Shemara Wikramanayake
Managing Director and CEO, Macquarie Group

Thanks, Nick. That's good.

Operator

Thank you. The next question is from Brian Johnson from Jefferies. Please go ahead.

Brian Johnson
Managing Director and Head of Bank Equity Analysis Australia, Jefferies

First point, congratulations. Obviously, 2022 is gonna be a great year as some of your competitors struggle. Two questions. The first one is that when we have a look at the principal investments book, I'm just wondering, can we get a feeling for the target hold period and what the target ROE basically is? I had a second question after that one, if I may?

Shemara Wikramanayake
Managing Director and CEO, Macquarie Group

Sure. Thanks, Brian. In terms of the book, it's very hard to give you a target hold and ROE because it really depends where we're investing. You saw with the realizations, the slide set, and I should have noted that it was across infrastructure, including green energy, it was across business services, it was across technology. If we're in an early stage technology investment, we may only put a few dollars in, and we may be targeting a very high ROE because it's very high risk, and we may hold it for 10 years until that business has really got scale. If we're in a more mature asset, or we're doing a PPP project, we may only hold that for a few years, and it's a less risky asset, so we're targeting more moderate returns.

There's a spectrum of capabilities across the asset classes in which we have expertise in the regions.

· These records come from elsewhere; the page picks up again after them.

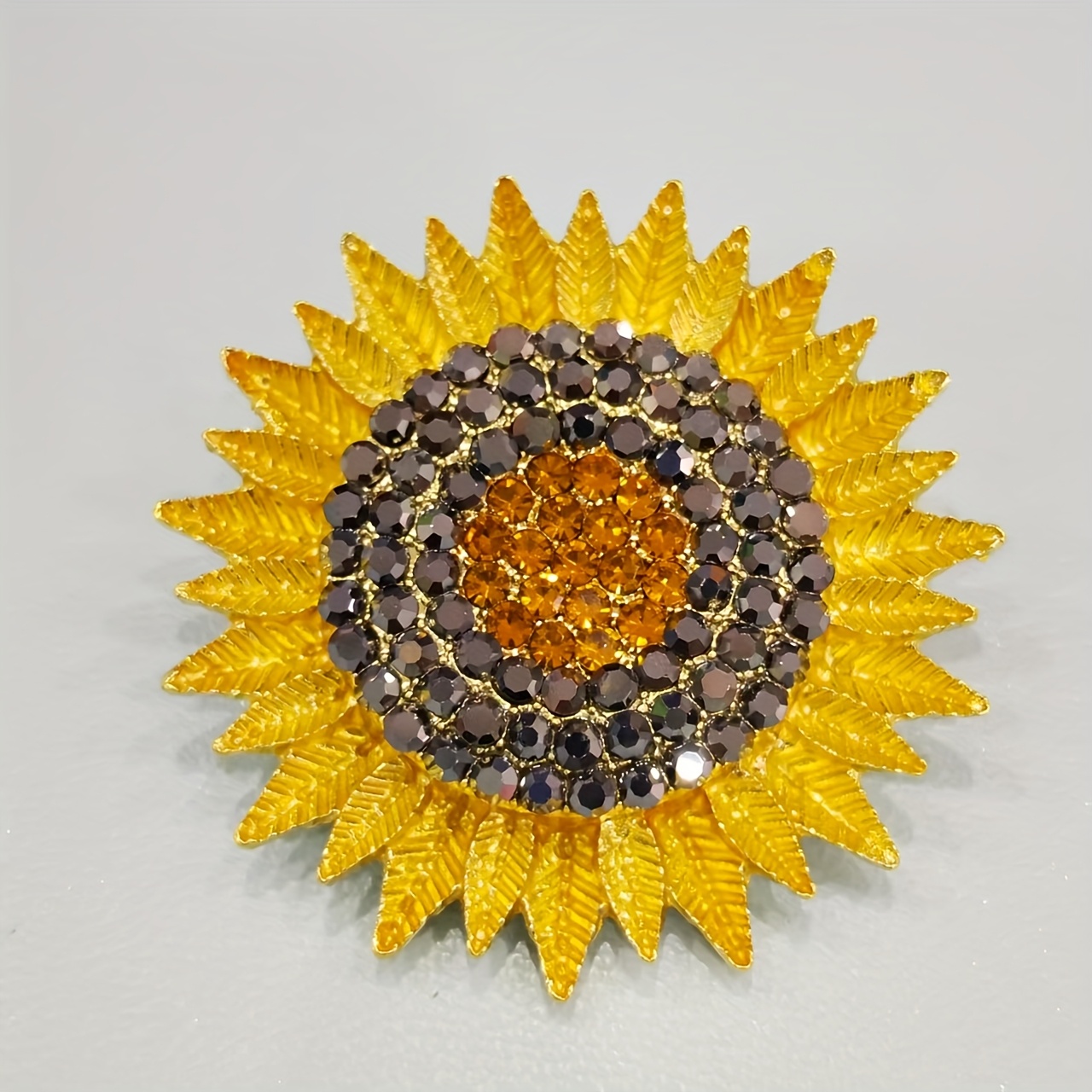 TEMU Un broche de estilo elegante y exquisito con un y diamantes de . Regalo de Navidad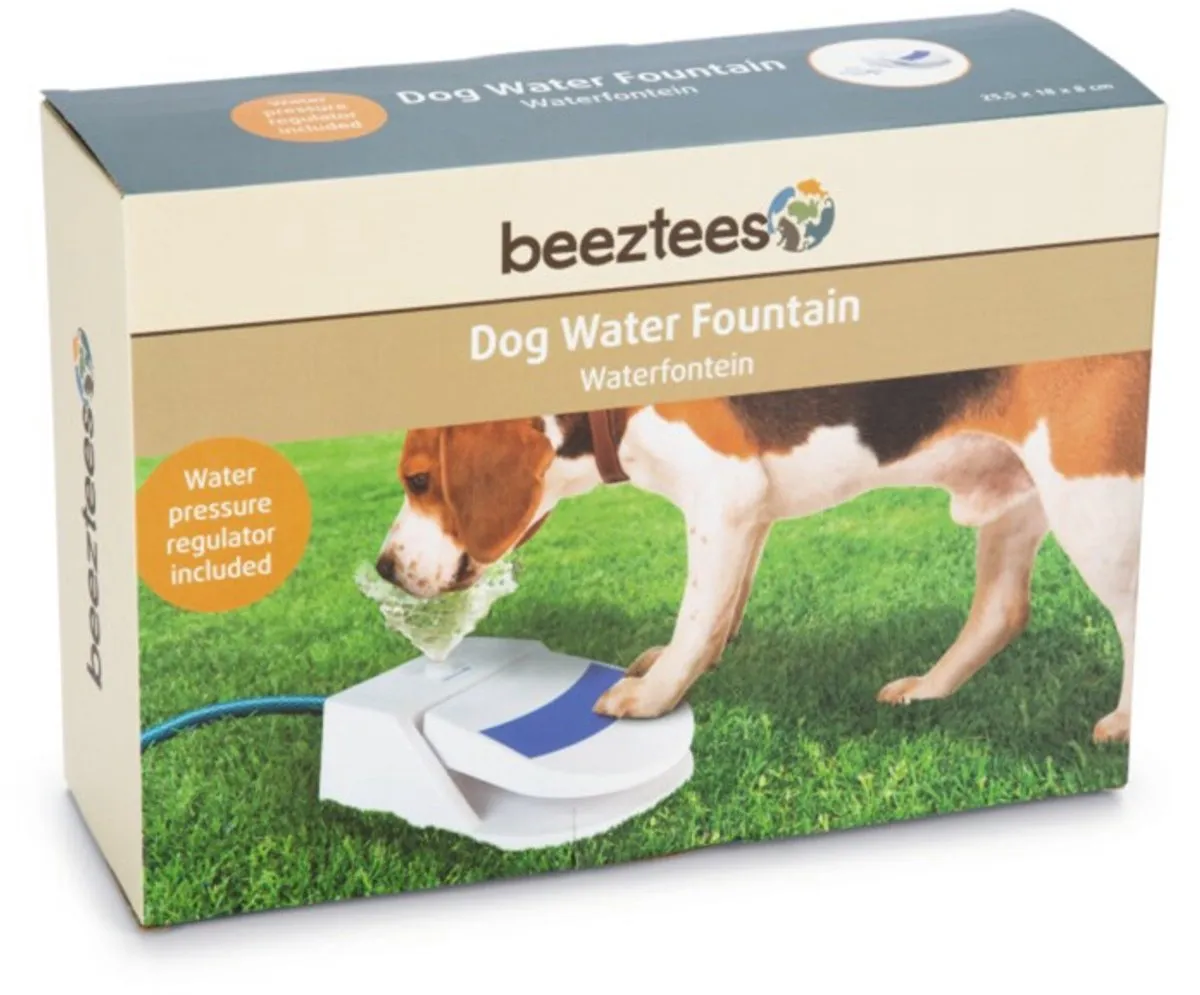 Beeztees Splashy Waterfontein Hondenspeelgoed - 25,5x18x8cm
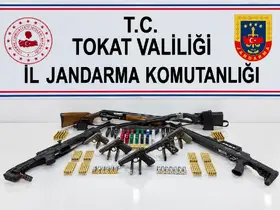 Tokat’ta ruhsatsız silah ve mühimmat ele geçirildi
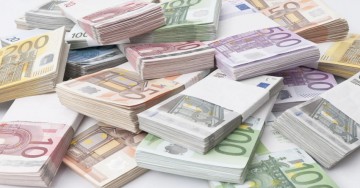 Euro a ajuns la 4,53 lei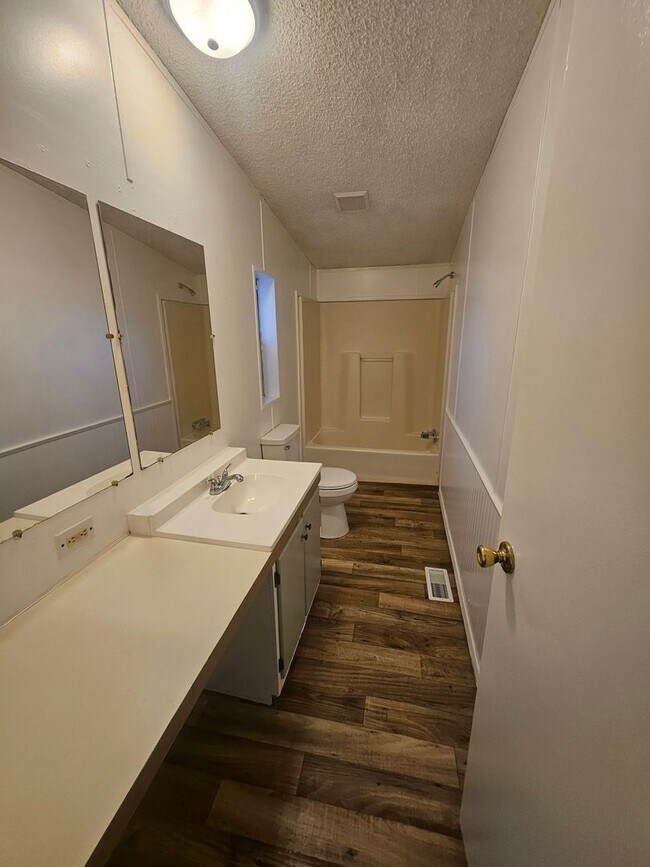 Building Photo - Newly Remolded 3 Bedroom Manufactured Home...
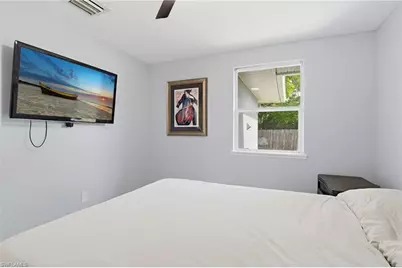 4518 W Alhambra Cir, Naples, FL 34103 - Photo 5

Again, in Asia, we may be targeting higher IRRs, possibly shorter holds than we would in North America and Europe because they're more nascent markets for us. It's hard to give a simple answer. I'm not trying to be difficult, but that's why our risk management teams, Alex and I, we work incredibly closely with our teams with every equity investment they're making to understand the risks involved, what skills we have to manage and mitigate those risks, and hence what return we should be targeting and what life cycle we expect the capital to be there for.

Brian Johnson
Managing Director and Head of Bank Equity Analysis Australia, Jefferies

Perfect.

Shemara Wikramanayake
Managing Director and CEO, Macquarie Group

Sorry, Brian. That's not.

Brian Johnson
Managing Director and Head of Bank Equity Analysis Australia, Jefferies

No, that's as good an answer as I could probably expect. Shemara, just the second one, if I may. Just when we think about the new Macquarie Private Markets funds that you're raising, can you just give us a feeling of the percentage initial co-investment? What is the management and the performance fee structure on the new ones that you're raising now?

Shemara Wikramanayake
Managing Director and CEO, Macquarie Group

Well, I mean, there's now a spectrum of what we're doing in private markets, and Ben Way is on the phone, so I might let him comment as well. Ben is bringing a new energy to that business because we've grown it very nicely and stably and safely, I would say, for the last decade or two. Actually the market is way bigger. We have become very strong in traditional infrastructure. Expanding across into real estate, where we've moved our principal investing team over to Macquarie Asset Management into private credit, agriculture, transportation, they're all things that we could do more of. With our core funds in infrastructure, where we have deep track record expertise and standing with investors, our co-investment is small. We're leveraging the capital Macquarie puts in materially.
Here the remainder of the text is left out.